5. Pour justifier de l'existence d'une situation d'urgence portant atteinte de manière grave et immédiate à leur situation, Mme A et M. E soutiennent que l'inscription de leur fille dans un établissement scolaire de droit privé impliquera le versement de frais qui ne pourront faire l'objet d'un remboursement en cas d'annulation ou de retrait de la décision de la rectrice de l'académie de Lille en date du 21 juin 2023. Toutefois les requérants ne faisant état d'aucun élément en ce qui concerne leur situation financière et leur éventuelle précarité, il n'apparaît pas que le déboursement de frais indus entrainerait pour eux de graves conséquences. Il n'apparaît pas non plus au vu du dossier pédagogique produit, qu'ils ne seront pas en mesure d'acquérir des ressources pédagogiques actualisées, en temps utiles et dans de brefs délais, en cas de décision favorable pour ce qui est de l'instruction à domicile de leur fille. Si les intéressés soutiennent également que l'inscription de leur enfant au sein d'un établissement scolaire provoquera un bouleversement de son rythme et de ses modalités d'instruction, il résulte des termes de la requête qu'Aalayah, âgée de 3 ans, était auparavant inscrite en crèche et qu'elle débute ainsi son instruction à la rentrée de l'année scolaire 2023-2024. Dans ces conditions, même si le temps de présence de leur enfant à la crèche a été réduit en fin d'année 2022-2023 et qu'elle n'a pu préalablement visiter l'établissement scolaire qu'elle sera amenée à fréquenter, Mme A et M. E ne justifient pas de l'existence d'atteintes graves et immédiates à leur situation et celle de leur enfant résultant de la décision contestée de la rectrice de l'académie de Lille. Enfin, la proximité de la rentrée scolaire ne saurait caractériser, à elle seule, l'existence d'une situation d'urgence au sens de l'article L. 521-1 du code de justice administrative. Par suite, quand bien même, selon les requérants, leur fille " se braque vite et refuse par la suite les choix qui lui sont imposés ", la condition d'urgence telle que prévue par ces mêmes dispositions ne sauraient être regardée comme remplie.

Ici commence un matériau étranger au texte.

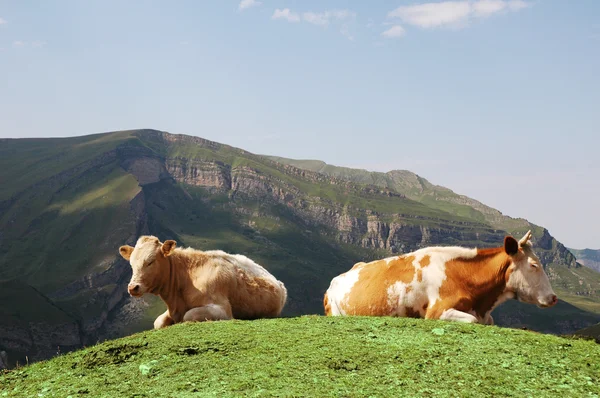 Tow cows at the top of hill in summer — Stock Photo, Image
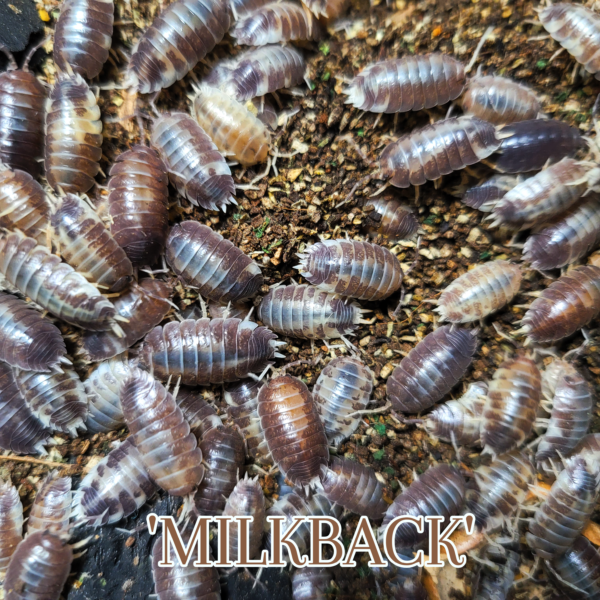 Porcellio Leavis "Milkback" for sale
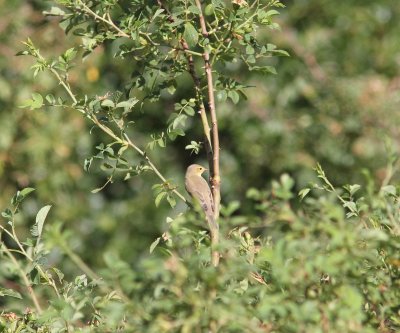 Orpheusspotvogel - Melodious warbler - Hippolais polyglotta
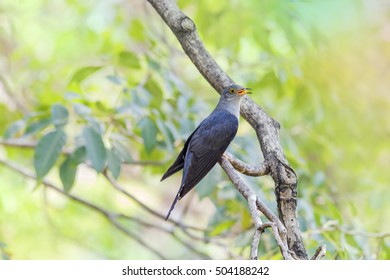 Indian Cuckoo (Cuculus Micropterus)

6. Il résulte de ce qui précède qu'il y a lieu de faire application de l'article L.522-3 du code de justice administrative et de rejeter les conclusions à fin de suspension présentées par Mme A et M. E, ainsi que par voie de conséquence les conclusions à fin d'injonction et celles présentées au titre de l'article L.761-1 du code de justice administrative.

O R D O N N E :

Article 1er : La requête de Mme A et de M. E est rejetée.

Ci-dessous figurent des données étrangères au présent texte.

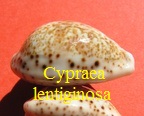 Cypraea lentiginosa lentiginosa, Gray 1825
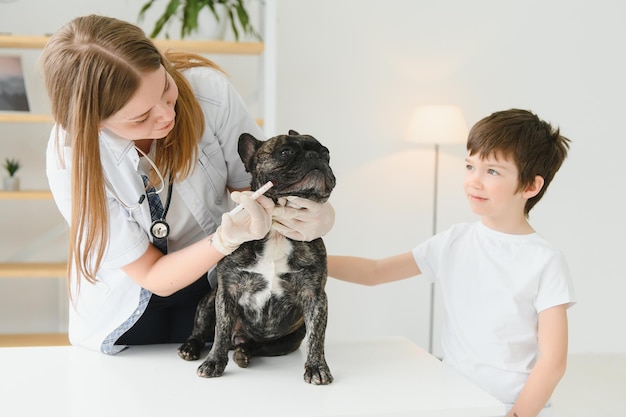 Retrato de um Bulldog Francês Conceito de medicina veterinária Cães de pedigree Animais engraçados Mídia mista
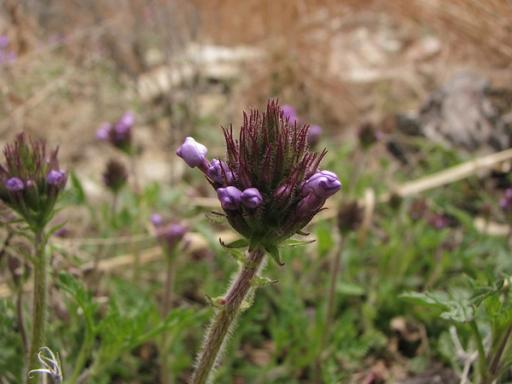 Flower buds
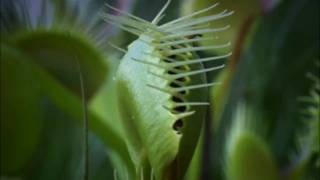 Quero Ver Fotos De Plantas Carnivoras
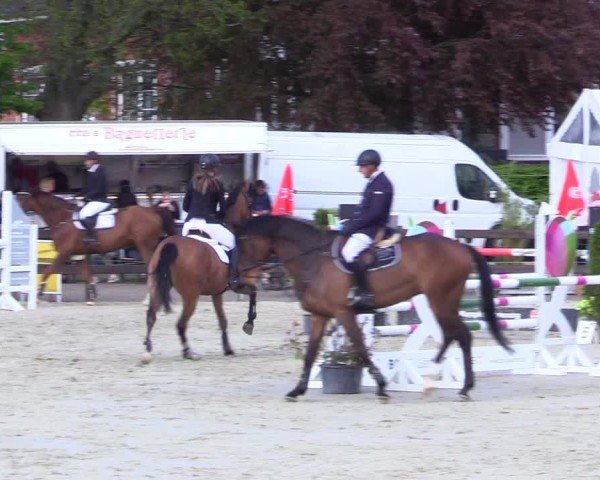 Reitturnier Looperholz 2025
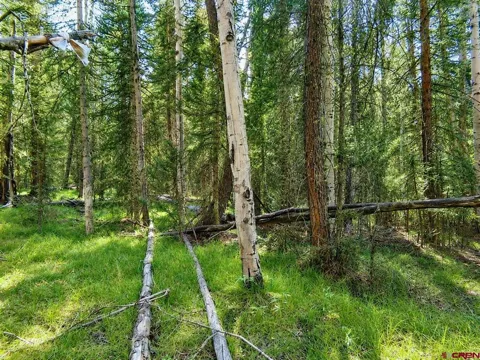 445 Aspen Trail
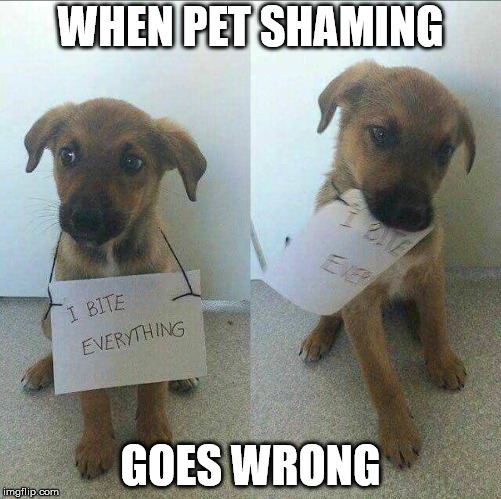 Last pupper we had decided my new dress shoes were a chew toy | WHEN PET SHAMING; GOES WRONG | image tagged in pet shaming,puppy,biting | made w/ Imgflip meme maker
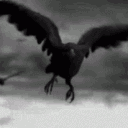 Shadow Ravens Discord server icon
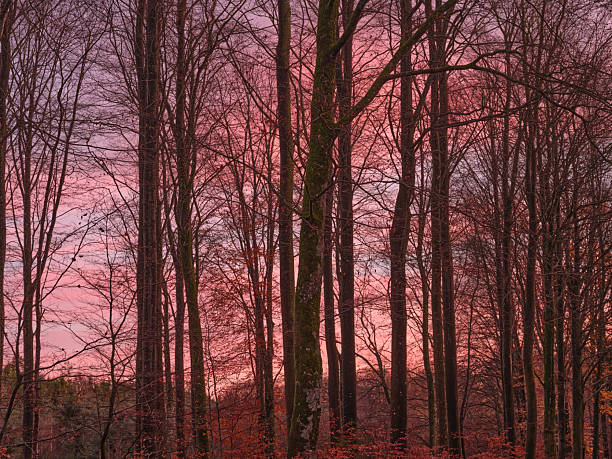 A serene autumnal forest shown in silhouette against a vibrant pink and purple sunset sky in Denmark, evoking feelings of quiet peace and connection with nature's beauty.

Article 2 : La présente ordonnance sera notifiée à Mme B A et à M. D E.

Fait à Lille, le 4 août 2023.

Le juge des référés,

signé

B. CHEVALDONNET

La République mande et ordonne au ministre de l'éducation nationale et de la jeunesse en ce qui le concerne ou à tous commissaires de justice à ce requis en ce qui concerne les voies de droit commun contre les parties privées, de pourvoir à l'exécution de la présente ordonnance.